In the latest issue of Pumps, Valves and Flow, we focused on some of the major problems within the pumps market. For example, oversizing and undersizing of kit is a theme we explore in our cover story.
The cost of installing oversized pumps can be counted in the billions, experts suggest. Industry simply cannot afford to waste this amount of money.
Pump oversizing usually comes down to a lack of understanding about the relationship of the pump and the process system.
So how do you tackle this problem? It seems the best way is for pump manufacturers, contractors and end users to open up better lines of communication — and maybe throw in a bit of training, too.
Clearly, the pump industry has a bit of a headache to deal with. Fortunately, it’s pretty good at finding the right pump for the job
Undersizing, meanwhile, causes its own unique set of problems. It affects progressive cavity pump in particular.

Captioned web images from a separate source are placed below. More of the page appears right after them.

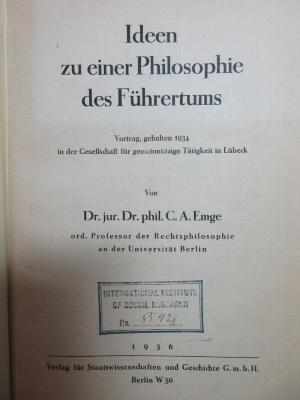 5 W 250 : Ideen zu einer Philosophie des Führertums : Vortrag, gehalten 1934 in der Gesellschaft für gemeinnützige Tätigkeit in Lübeck (1936)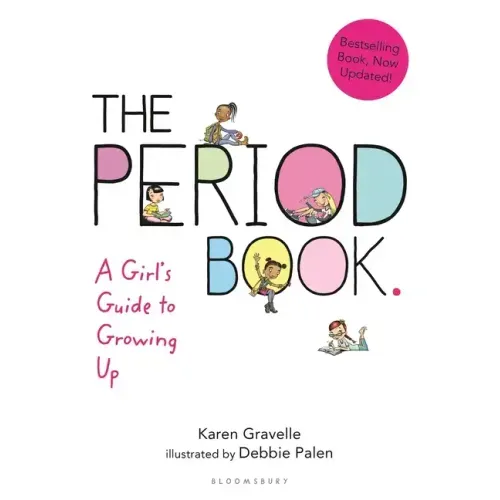 The Period Book: A Girl's Guide to Growing Up - Paperback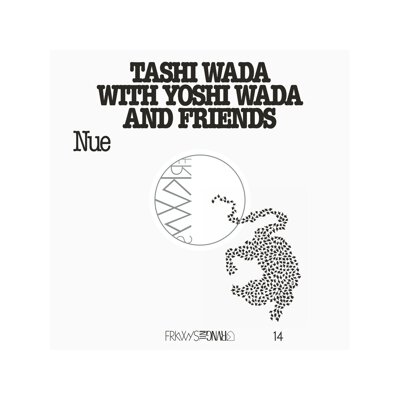 WADA, TASHI & YOSHI - FRKWYS VOL. 14 - NUE - CD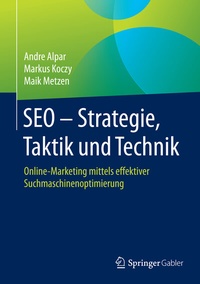 Abbildung von: SEO - Strategie, Taktik und Technik - Springer Gabler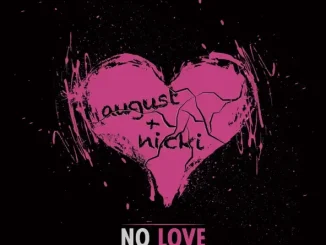 August Alsina - No Love (feat. Nicki Minaj) August Alsina No Love (feat. Nicki Minaj)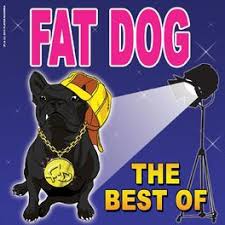 Beef meal, whole grain brown rice, whole grain millet, grain sorghum, chicken fat type: Fat Dog The Best Of Fat Dog Musik Streaming Auf Deezer Anhoren
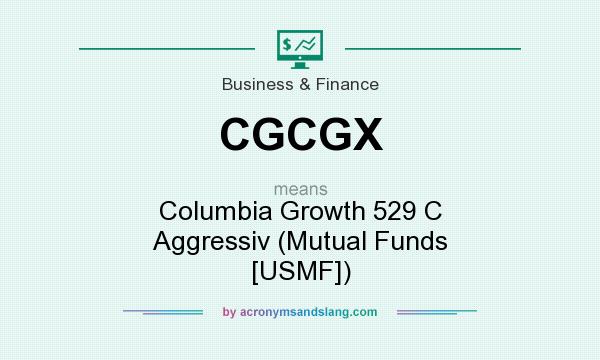 What does CGCGX mean? It stands for Columbia Growth 529 C Aggressiv (Mutual Funds [USMF])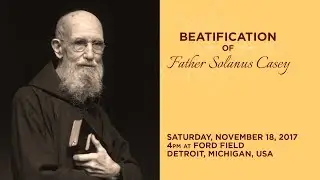 Beatification Mass of Blessed Solanus Casey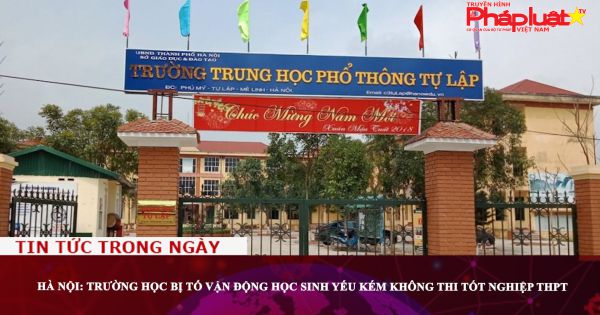 Hà Nội: Trường học bị tố vận động học sinh yếu kém không thi tốt nghiệp THPT
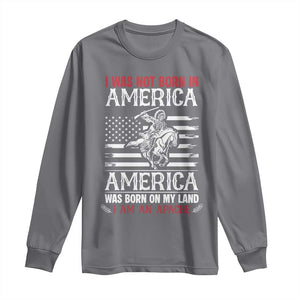 Native American Apache Long Sleeve Shirt I Was Not Born In America TS14 Charcoal Print Your Wear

Undersizing a progressive cavity pump leads to more problems than oversizing because the volumetric flow is determined by the cavity size. This means that a smaller pump has to run more quickly to generate the required flow rate, leading to higher wear.
However, determining just how dangerous undersizing can be depends largely on the type of material being pumped.
One of the answers to undersizing is specifying a (slightly) oversized pump. Clearly, the pump industry has a bit of a headache to deal with. Fortunately, it’s pretty good at finding the right pump for the job.
When handling liquids, for instance, engineers are often spoilt for choice, as one of our latest expert comments points out. However, the cheapest pump is not necessarily the one that will have the lowest life cost or even be suitable for your application.